= DATA FOR REVIEW =
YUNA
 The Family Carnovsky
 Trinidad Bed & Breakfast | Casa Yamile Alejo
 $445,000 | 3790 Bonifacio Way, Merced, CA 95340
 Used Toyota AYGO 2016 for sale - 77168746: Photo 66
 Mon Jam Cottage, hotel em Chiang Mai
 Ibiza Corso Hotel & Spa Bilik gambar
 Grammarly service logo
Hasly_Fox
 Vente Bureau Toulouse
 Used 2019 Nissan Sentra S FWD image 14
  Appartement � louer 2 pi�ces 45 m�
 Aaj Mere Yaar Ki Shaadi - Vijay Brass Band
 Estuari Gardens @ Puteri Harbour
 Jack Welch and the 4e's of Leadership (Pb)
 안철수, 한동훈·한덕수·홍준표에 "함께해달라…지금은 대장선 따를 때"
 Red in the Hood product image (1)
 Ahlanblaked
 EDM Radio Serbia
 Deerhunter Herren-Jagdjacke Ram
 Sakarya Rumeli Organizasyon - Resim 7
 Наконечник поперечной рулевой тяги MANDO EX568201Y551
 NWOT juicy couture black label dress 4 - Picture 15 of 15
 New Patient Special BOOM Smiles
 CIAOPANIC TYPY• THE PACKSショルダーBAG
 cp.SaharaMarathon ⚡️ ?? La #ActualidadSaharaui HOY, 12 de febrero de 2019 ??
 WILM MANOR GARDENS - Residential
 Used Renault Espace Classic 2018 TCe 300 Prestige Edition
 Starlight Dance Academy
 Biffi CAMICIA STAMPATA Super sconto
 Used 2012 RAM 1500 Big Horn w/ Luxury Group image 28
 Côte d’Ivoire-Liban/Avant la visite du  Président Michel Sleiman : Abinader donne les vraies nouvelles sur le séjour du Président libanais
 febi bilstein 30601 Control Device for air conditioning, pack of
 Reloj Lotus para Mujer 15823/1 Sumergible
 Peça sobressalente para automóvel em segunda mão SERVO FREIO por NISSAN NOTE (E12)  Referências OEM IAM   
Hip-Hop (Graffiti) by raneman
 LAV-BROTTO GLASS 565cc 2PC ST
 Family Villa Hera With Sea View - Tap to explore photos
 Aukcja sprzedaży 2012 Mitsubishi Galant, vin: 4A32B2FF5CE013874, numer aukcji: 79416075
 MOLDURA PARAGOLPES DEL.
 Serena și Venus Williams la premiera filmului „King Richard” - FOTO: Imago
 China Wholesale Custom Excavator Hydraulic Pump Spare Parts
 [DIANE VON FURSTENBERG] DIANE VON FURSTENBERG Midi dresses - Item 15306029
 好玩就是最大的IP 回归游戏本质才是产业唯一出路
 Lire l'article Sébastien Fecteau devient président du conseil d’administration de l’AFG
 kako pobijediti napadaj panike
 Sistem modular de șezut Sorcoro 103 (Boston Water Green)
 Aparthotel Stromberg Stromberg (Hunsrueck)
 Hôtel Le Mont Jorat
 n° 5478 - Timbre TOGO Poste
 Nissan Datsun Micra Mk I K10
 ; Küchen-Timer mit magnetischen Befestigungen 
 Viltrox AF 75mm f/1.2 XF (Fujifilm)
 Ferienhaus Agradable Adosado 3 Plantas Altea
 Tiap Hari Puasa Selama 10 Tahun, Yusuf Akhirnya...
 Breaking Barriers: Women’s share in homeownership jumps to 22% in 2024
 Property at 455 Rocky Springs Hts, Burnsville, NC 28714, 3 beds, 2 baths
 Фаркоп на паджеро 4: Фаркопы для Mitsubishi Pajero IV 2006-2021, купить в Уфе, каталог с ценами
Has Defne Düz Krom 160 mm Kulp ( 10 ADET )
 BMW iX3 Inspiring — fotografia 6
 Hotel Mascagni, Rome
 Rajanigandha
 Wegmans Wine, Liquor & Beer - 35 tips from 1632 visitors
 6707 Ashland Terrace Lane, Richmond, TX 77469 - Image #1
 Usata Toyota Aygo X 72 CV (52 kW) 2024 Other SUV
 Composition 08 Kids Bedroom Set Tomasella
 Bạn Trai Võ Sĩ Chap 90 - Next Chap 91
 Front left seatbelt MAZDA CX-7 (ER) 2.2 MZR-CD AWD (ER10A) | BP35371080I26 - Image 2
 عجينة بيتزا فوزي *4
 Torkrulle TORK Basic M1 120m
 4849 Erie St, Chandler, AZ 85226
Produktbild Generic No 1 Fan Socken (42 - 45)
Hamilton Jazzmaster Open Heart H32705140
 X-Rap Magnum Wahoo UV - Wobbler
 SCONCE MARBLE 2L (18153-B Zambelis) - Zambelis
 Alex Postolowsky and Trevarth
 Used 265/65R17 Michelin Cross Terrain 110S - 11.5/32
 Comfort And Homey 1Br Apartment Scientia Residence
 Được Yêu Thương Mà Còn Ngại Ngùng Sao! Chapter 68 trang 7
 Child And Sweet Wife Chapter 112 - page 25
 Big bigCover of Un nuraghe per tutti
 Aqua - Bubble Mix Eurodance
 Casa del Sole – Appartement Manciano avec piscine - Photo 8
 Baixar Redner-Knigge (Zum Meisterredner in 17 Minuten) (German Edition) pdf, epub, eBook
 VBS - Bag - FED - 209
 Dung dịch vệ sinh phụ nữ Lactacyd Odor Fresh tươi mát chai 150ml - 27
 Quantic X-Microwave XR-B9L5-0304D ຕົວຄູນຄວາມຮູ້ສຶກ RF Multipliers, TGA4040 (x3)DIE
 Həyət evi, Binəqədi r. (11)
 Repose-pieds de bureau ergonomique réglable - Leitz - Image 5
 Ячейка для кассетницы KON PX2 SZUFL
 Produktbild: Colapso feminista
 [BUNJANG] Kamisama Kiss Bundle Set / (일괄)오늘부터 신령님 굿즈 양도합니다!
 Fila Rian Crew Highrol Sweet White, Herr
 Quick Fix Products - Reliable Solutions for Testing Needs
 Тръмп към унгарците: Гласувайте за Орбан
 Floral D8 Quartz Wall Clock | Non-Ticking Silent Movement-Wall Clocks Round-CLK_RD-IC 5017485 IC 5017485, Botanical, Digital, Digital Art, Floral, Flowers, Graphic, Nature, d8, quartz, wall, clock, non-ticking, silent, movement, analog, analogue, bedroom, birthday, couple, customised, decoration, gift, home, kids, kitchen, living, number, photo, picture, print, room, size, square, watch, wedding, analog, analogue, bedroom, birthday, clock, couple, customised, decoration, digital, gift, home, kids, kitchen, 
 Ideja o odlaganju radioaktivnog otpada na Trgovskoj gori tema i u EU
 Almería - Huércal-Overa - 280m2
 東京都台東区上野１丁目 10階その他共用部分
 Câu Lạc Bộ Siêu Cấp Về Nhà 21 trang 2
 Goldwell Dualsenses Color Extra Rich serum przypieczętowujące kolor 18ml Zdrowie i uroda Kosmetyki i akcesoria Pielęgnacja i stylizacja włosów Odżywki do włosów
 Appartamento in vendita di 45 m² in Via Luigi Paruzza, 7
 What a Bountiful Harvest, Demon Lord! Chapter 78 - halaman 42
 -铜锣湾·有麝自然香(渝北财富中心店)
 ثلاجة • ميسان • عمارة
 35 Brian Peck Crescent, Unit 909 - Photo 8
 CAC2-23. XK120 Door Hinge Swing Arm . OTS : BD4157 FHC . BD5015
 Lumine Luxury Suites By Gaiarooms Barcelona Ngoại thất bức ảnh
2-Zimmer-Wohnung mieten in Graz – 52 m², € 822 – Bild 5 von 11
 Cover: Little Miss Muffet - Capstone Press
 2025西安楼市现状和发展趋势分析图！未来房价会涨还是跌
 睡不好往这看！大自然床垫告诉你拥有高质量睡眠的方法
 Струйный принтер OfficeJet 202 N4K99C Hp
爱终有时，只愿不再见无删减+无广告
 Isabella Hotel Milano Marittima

= WORK TO BE COMPLETED =
Could you reproduce, exactly, every line above from the line with "東京都台東区上野１丁目 10階その他共用部分" to the line with "Appartamento in vendita", and no other line? Both ends count.

= SOLVED PROBLEM =
 東京都台東区上野１丁目 10階その他共用部分
 Câu Lạc Bộ Siêu Cấp Về Nhà 21 trang 2
 Goldwell Dualsenses Color Extra Rich serum przypieczętowujące kolor 18ml Zdrowie i uroda Kosmetyki i akcesoria Pielęgnacja i stylizacja włosów Odżywki do włosów
 Appartamento in vendita di 45 m² in Via Luigi Paruzza, 7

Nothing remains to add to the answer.